# Control de potencia a unas resistencias electricas 9000watts



## oscivnms (Nov 13, 2008)

Necesito ayuda para controlar unas resistencias para un horno electrico las cuales mediante un scr consumen aprox. 48 amperes. Deseo tener el control de la potencia, que valla de 30 a 40 amperes. Como dato el voltaje de linea es de 220v con un scr de 100amp y una carga resistiva de 2.4 ohms aprox. Adjunto un diagrama del estado actual de disparo del horno, el cual deseo modificar con un control de fase para regular la potencia que emitiran las resistencias. Muchas gracias


----------



## zaiz (Nov 13, 2008)

hola, en el diagrama que pusiste no me checa el disparo por el diodo, ¿lo podrías revisar para ver si está bien?. Es posible que te falte un componente o una conexión.


----------



## boximil1 (Nov 13, 2008)

lo importante a esas potencias es tener claro lo que se hace.

ademas de la pequeña duda y cometario que te puso el colega te podria hacer una pregunta sencilla:
usas CC o CA ?

saludos


----------



## Luis Eduardo Sánchez (Nov 15, 2008)

Pregunta:

220V DC o 220 AC

Este esquema es para control en DC si lo usaras en AC solo controlaría media Onda lo que sería un desperdicio,  es necesario usar dos SCR en antiparalelo o un triac y el control se hace por medio de PWM, haciendo uso del cruce por cero para controlar el angulo de disparo.

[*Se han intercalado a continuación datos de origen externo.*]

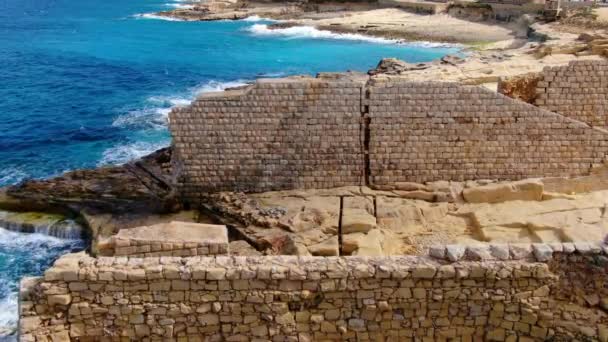 Malta Kıyısındaki Antik Harabelerin Üzerinden Uçmak Hava Görüntüleri — Stok video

Cualquier cosa te puedo colaborar.

se puede hacer on-off o proporcional (0-10 V o 4-mA)

Saludos


----------



## tiopepe123 (Nov 15, 2008)

Como te comentaba boximil1 lo importante es tenerlo claro.

Normalmente las resistencias calefactoras se utiliza un control todo/nada mediante un termostato, normalmente no queda justificado un control por fase debido a la enorme inercia termica.

Normalmente en industria utilizan los llamados reles de estado solido que son un simple triac o dos tiristores en anti paralelo según la potencia y un optoacoplador y algo de circuteria sencilla para el tema de cebados espontáneos.

Una de las piezas mas importantes es la toma de temperatura y su control, para temperaturas inferiores a 100ºC puedes utilizar sensores de silicio pero a temperaturas superiores es necesario termopares y la cosa se complica bastante.

El rele de estado solido te recomiendo que mires por internet para conocer el precio no sea que sea mas barato comprado que fabricarlo tu mismo, en todo caso no es un diseño complejo, son sobre una docena de piezas.


----------



## fernandob (Nov 15, 2008)

mi dios.......un scr para CA y encima gatillado asi, debe ser todo un creyente ese joven, por que hace falta mucha fe para que se gatille ese scr    

digo yo, pinta tan facil esto de la electronica que cualquiera se tira a la pileta ? 
da la impresion que no pasa nada ? que uno no puede hacer macana ?
o que uno escribiendo en un foro encontrara la solucion.

de verdad , si a mi me ofrecen un trabajo del que no tengo ni la mas palida idea me daria calor, hasta miedo, YO VIVO TRABAJANDO EN FORMA PARTICULAR y se lo que les digo:
tenes que pasar un presupuesto, recibir una seña (con lo cual yo me siento comprometido) .......me imagino yendo a esa maquina con R de 9000w y controles electronicos varios.
y no tengo la mas pu... idea.....

puedo quemar otra cosa, puedo hacer desastres, tengo que comprar materiales y probarlos .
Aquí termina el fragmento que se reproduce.